Feb. 10, 2017
AGCO recently announced its intention to launch a tender offer for the outstanding shares of Kepler Weber S.A. (“Kepler Weber”), the leading Brazilian manufacturer of grain storage and handling equipment. AGCO has reached a binding agreement with the two largest shareholders of Kepler Weber, Caixa de Previdência dos Funcionários do Banco do Brasil and BB - Banco de Investimento S.A., to acquire their blocks of shares totaling approximately 35% of the outstanding shares.

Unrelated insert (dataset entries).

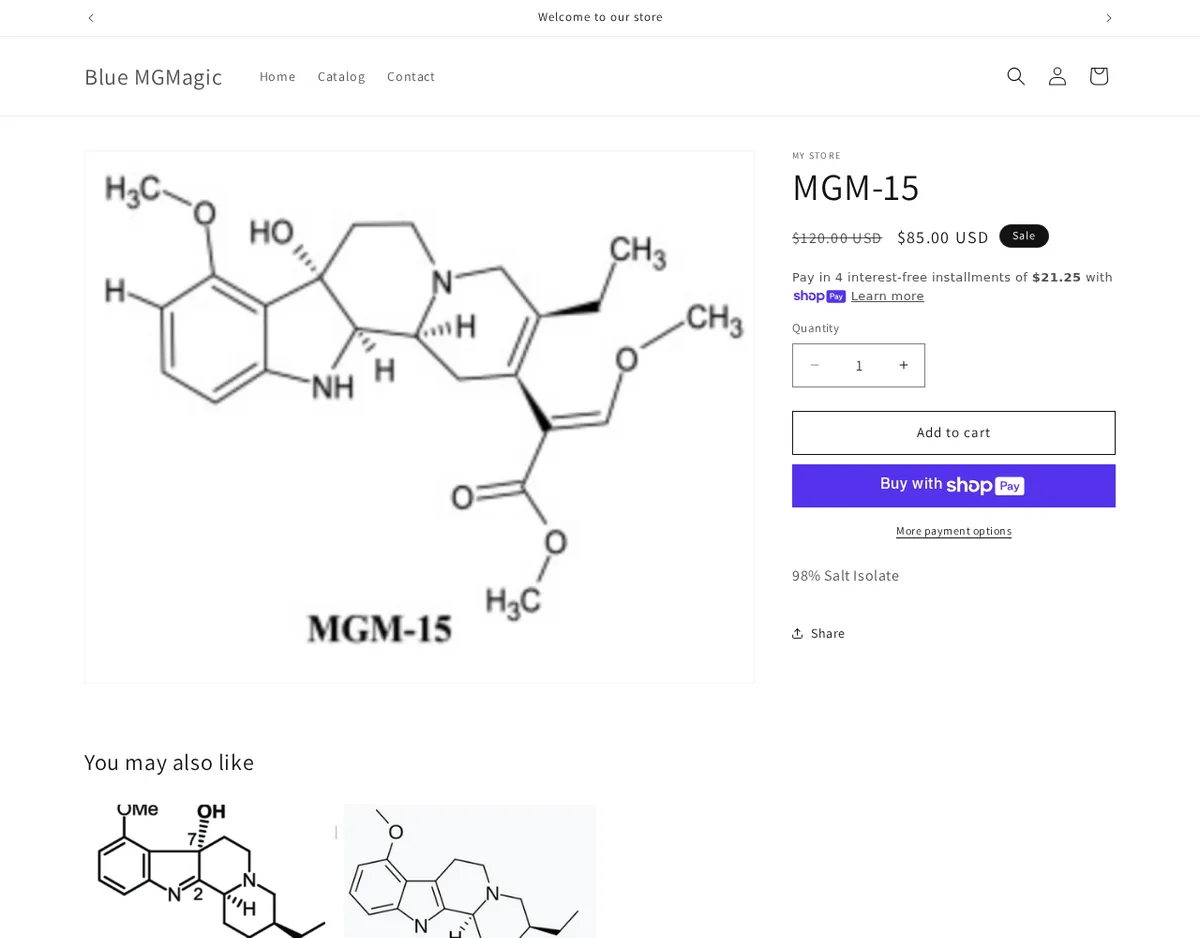 A product page: a structure drawing labelled MGM-15, the title MGM-15, $120.00 struck through and $85.00 USD, Sale, a Shop Pay instalment offer, Add to cart, and the only description: 98% Salt Isolate.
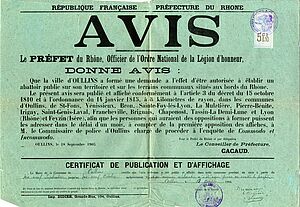 4F26, avis d'installation d'abattoirs à Oullins, 1905
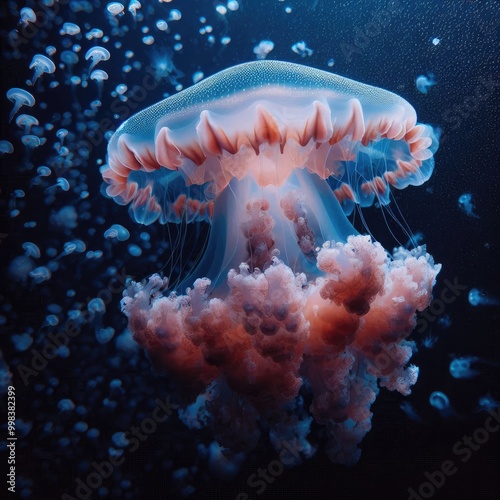 Eared aurelia, or eared jellyfish in the aquarium. A species of scyphoid from the order Discomjellyfish. It inhabits the coastal waters of the temperate and tropical seas, Black and Mediterranean Seas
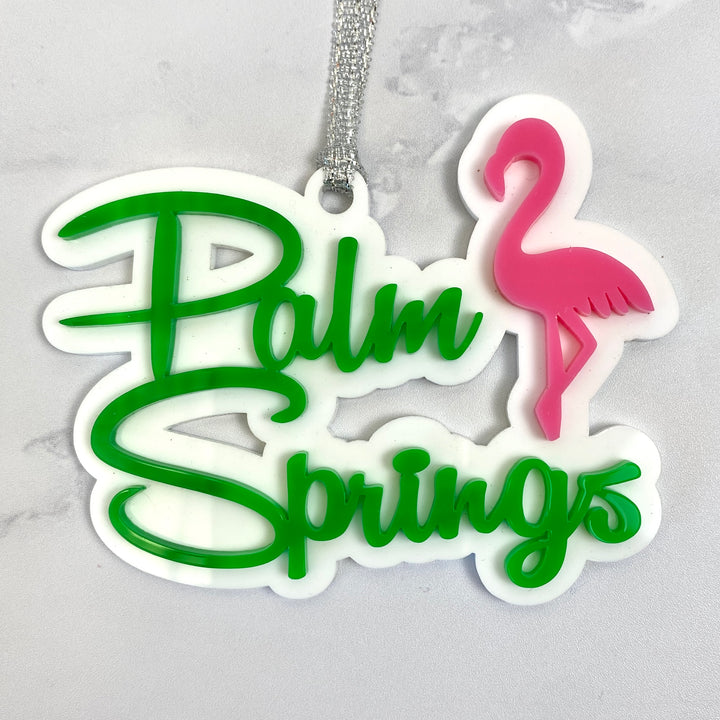 Palm Springs Script With Flamingo Ornament - Lime Green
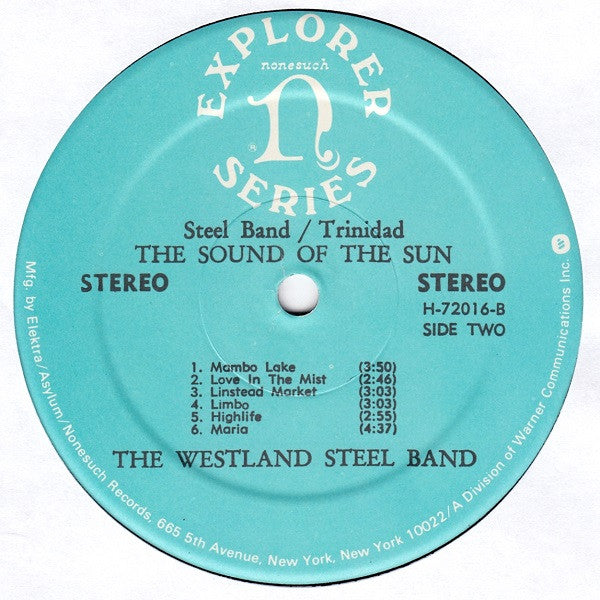 The Westland Steel Band : The Sound Of The Sun (Steel Band / Trinidad) (LP, Album, RP)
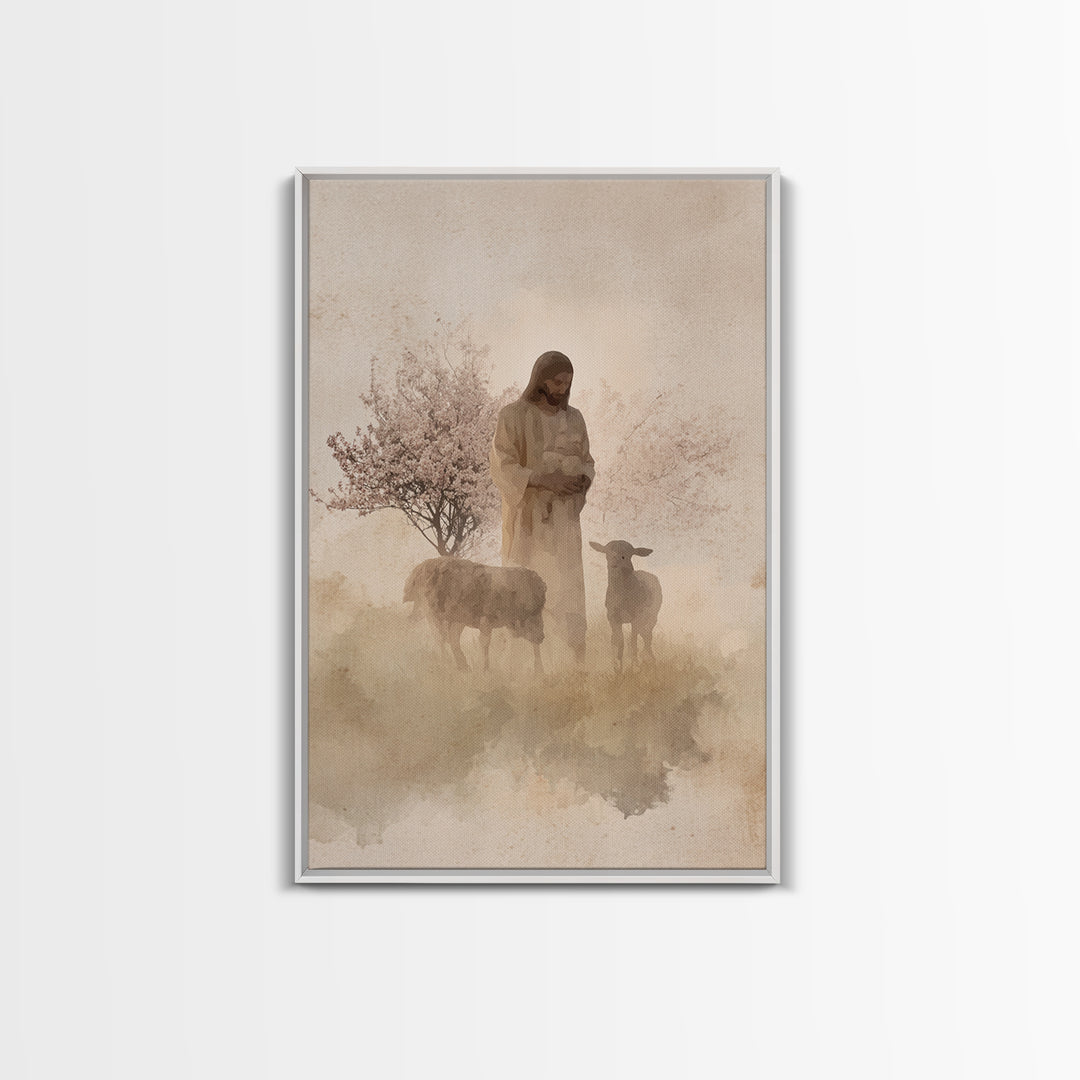 Soft Shepherd Glow - Framed Canvas Print - Christian Art Canvas - Christian Wall Art - Jesus Painting - Minimalist Christian Art - Faith Ar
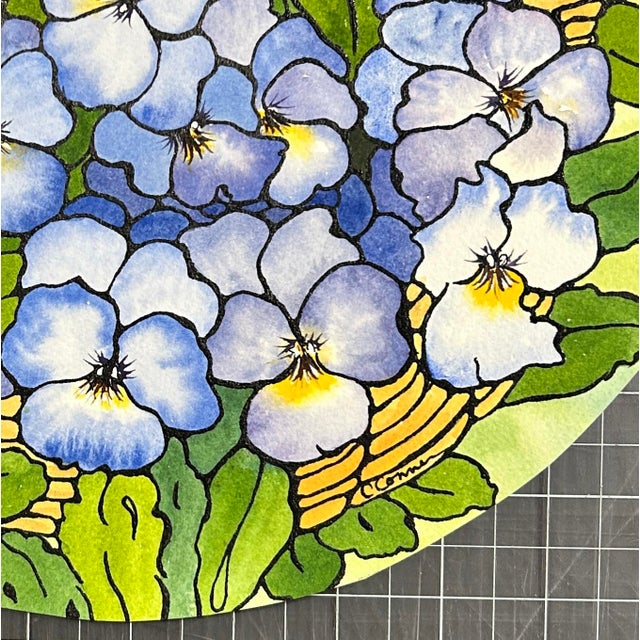 Paper Original Watercolor Ink and Wash Painting of a “Basket of Violas” For Sale - Image 7 of 12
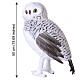 Set of Two White and Grey Owls with Natural Feathers, 50x35x25 cm s3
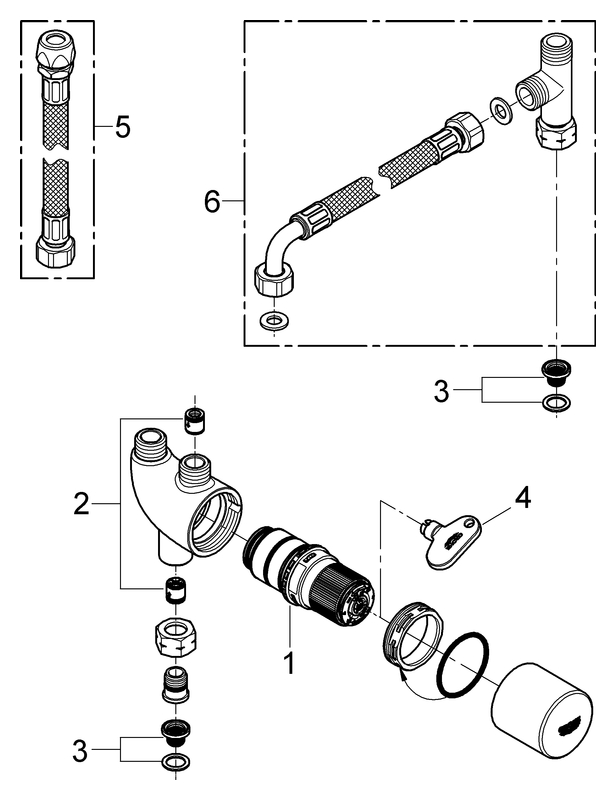 GROHE Untertisch-Thermostat Grohtherm Micro mit thermischer Verbrühschutz, chrom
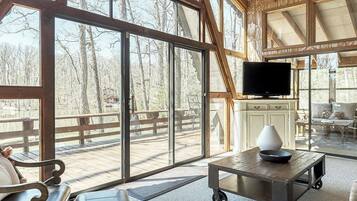 Smart TV, fireplace, stereo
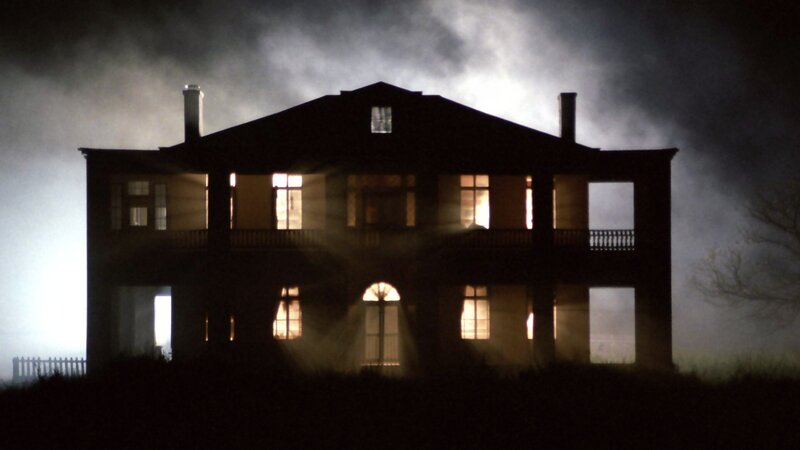 Silhouetted House at Night
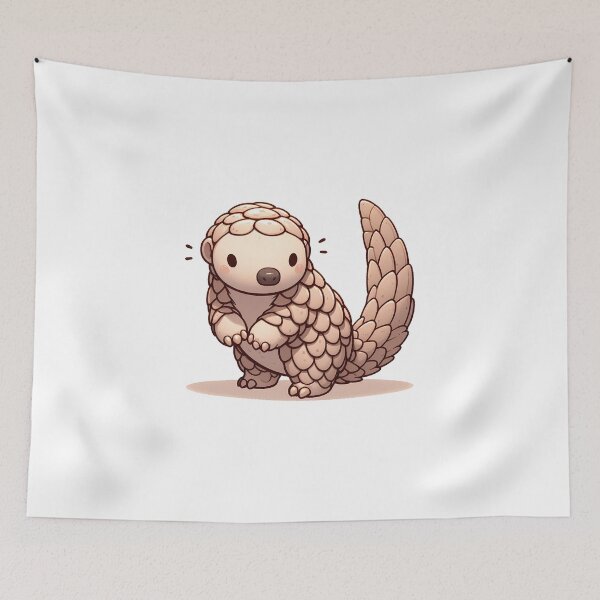 Item preview, Cute cartoon pangolin standing with curious expression and oversized tail, showcasing its unique scales. designed and sold by cave-canvas.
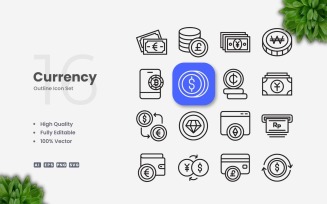 16 Currency Outline Icon Set
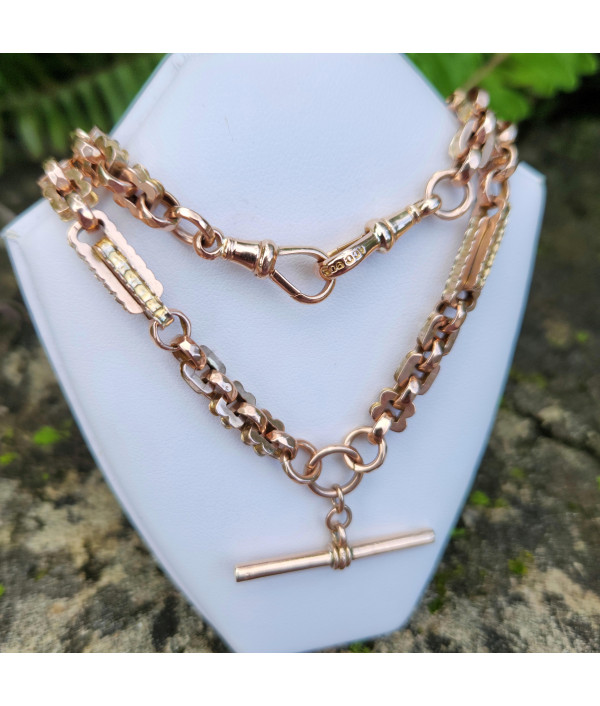 Victorian Fancy Link Albert Chain in 9K Gold Victorian Fancy Link Albert Chain in 9K Gold
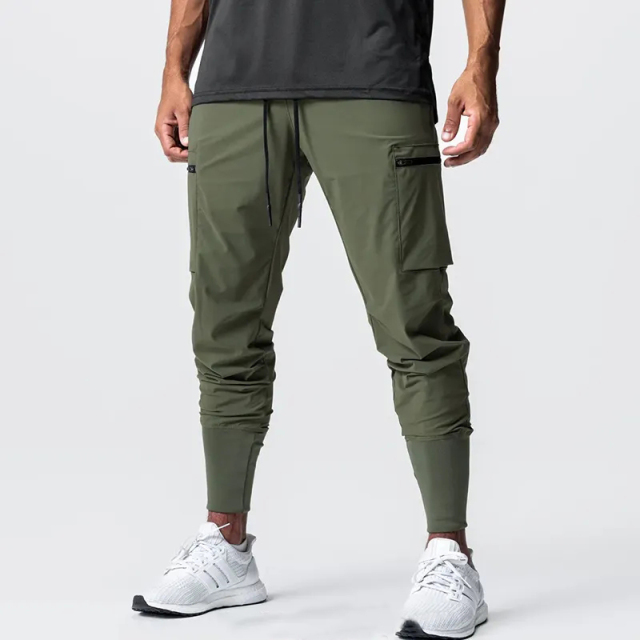 Custom Logo Men Jogging Gym Training Cargo Pants Durable 4-way Stretch Water-resistant Lightweight High Rib Jogger Cargo Pocket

AGCO intends to launch a tender offer to acquire up to all of the common shares held by the other shareholders for purpose of delisting Kepler Weber shares from the São Paulo Stock Exchange. The price of the Offer will be BRL 22.00 (US $7.03) per share, valuing Kepler Weber at BRL 578.9 million (US $185M). This price per share represents a 25.7% premium to the closing price of February 9, 2017 and a 24.3% premium to the 3-month average share price of Kepler Weber. The Offer and the consummation of the transaction are subject to customary conditions and regulatory approvals.
“The acquisition of Kepler Weber would significantly enhance our market position in the South American grain handling and storage industry,” said Martin Richenhagen, AGCO’s Chairman, President and Chief Executive Officer. “Kepler Weber’s products are complementary to our GSI’s offerings and are recognized by its customers for their design, quality and innovation. This combination would also provide significant marketing synergies and a leadership position in the South American market as well as further strengthen our capabilities to serve large global customers.”
Rabobank is acting as financial advisor to AGCO and Pinheiro Neto Advogados is serving as legal advisor.